Ciência

Pesquisadores criam catalisador que substitui a platina na produção de hidrogênio verde

21 de Maio de 2026 às 18:09

Pesquisadores da Universidade de Washington em St. Louis criaram um catalisador de fosfeto de rênio e molibdênio para a produção de hidrogênio verde sem o uso de platina. A tecnologia operou por mais de 1.000 horas com estabilidade em densidades de corrente industriais. O estudo foi divulgado pelo Science Daily em 18 de maio de 2026

Pesquisadores criam catalisador que substitui a platina na produção de hidrogênio verde
Novo catalisador sem platina impulsiona pesquisas com hidrogênio verde nos EUA/ Imagem Ilustrativa

Pesquisadores da Universidade de Washington em St. Louis desenvolveram um catalisador que amplia a eficiência da eletrólise da água sem a necessidade de platina, metal raro e oneroso utilizado na produção de hidrogênio verde.
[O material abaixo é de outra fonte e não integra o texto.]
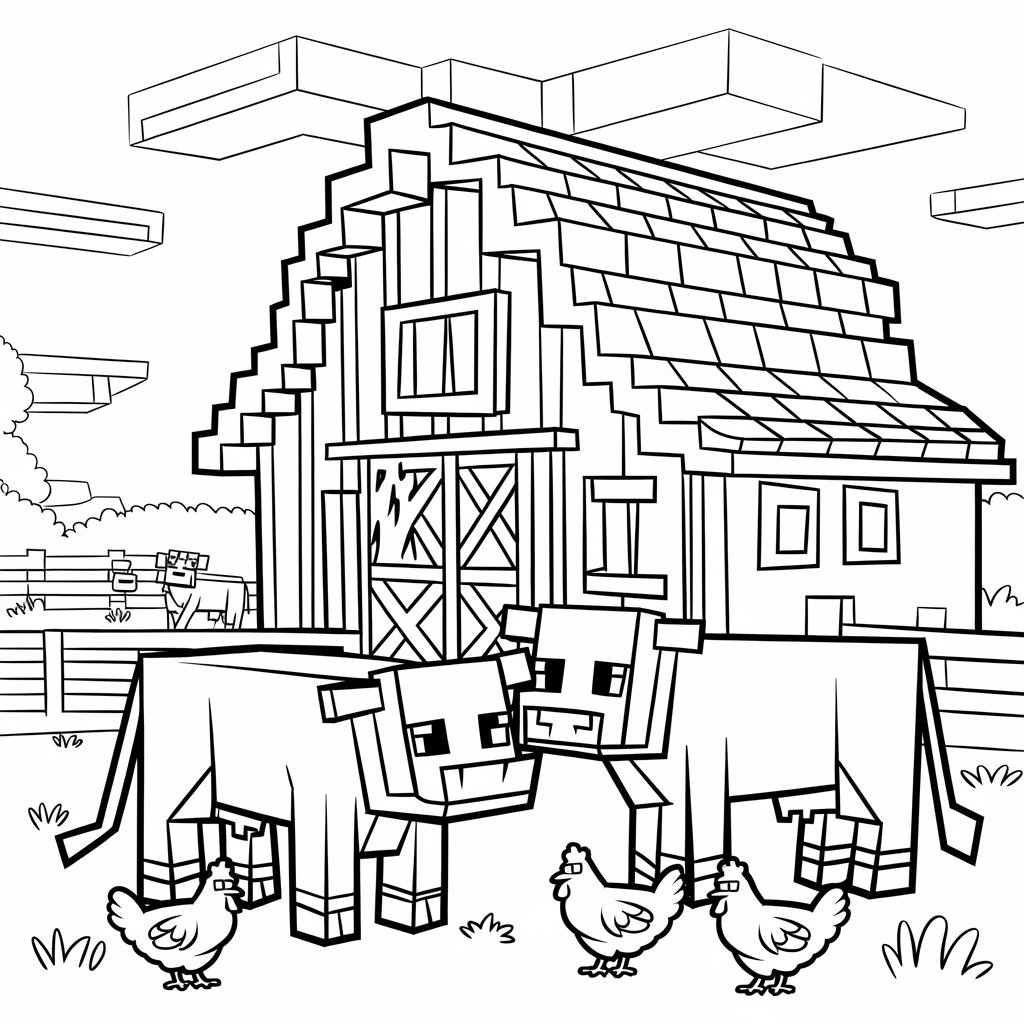coloriage minecraft maison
O sistema, projetado para eletrolisadores com membrana de troca de ânions, combina fosfeto de rênio e fosfeto de molibdênio em uma estrutura híbrida. Nessa composição, o rênio atua na fixação e liberação do hidrogênio na superfície, enquanto o molibdênio acelera a quebra das moléculas de água em ambiente alcalino.

O estudo, liderado pelo professor Gang Wu da Escola de Engenharia McKelvey e divulgado pelo Science Daily em 18 de maio de 2026, demonstrou que a nova tecnologia supera o desempenho de cátodos modernos baseados em metais nobres. Um dos principais diferenciais é a durabilidade: o catalisador operou por mais de 1.000 horas mantendo a estabilidade em densidades de corrente compatíveis com padrões industriais, superando a degradação química comum em materiais alternativos à platina.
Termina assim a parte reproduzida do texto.